Exercise data section start
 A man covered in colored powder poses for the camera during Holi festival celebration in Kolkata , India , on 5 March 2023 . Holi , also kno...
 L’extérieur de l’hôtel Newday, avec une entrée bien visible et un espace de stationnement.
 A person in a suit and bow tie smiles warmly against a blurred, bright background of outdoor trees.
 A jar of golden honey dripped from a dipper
Exercise data section end
Exercise data section start
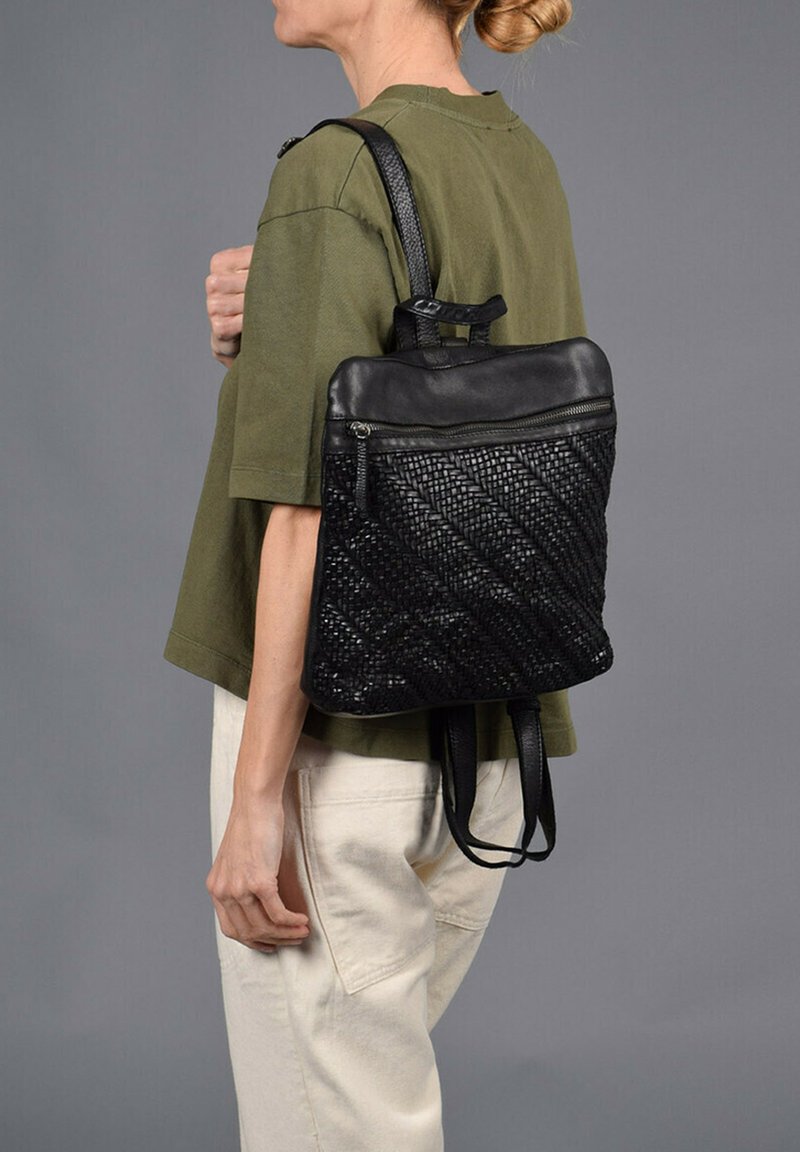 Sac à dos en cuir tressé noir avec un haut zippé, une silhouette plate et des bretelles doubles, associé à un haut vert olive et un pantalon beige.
Exercise data section end
→ Action item: Among the records above, repeat exactly the line with "A man covered", the line with "A jar of golden honey dripped from a dipper", and every line in between, and only those.

→ Response to the task:
 A man covered in colored powder poses for the camera during Holi festival celebration in Kolkata , India , on 5 March 2023 . Holi , also kno...
 L’extérieur de l’hôtel Newday, avec une entrée bien visible et un espace de stationnement.
 A person in a suit and bow tie smiles warmly against a blurred, bright background of outdoor trees.
 A jar of golden honey dripped from a dipper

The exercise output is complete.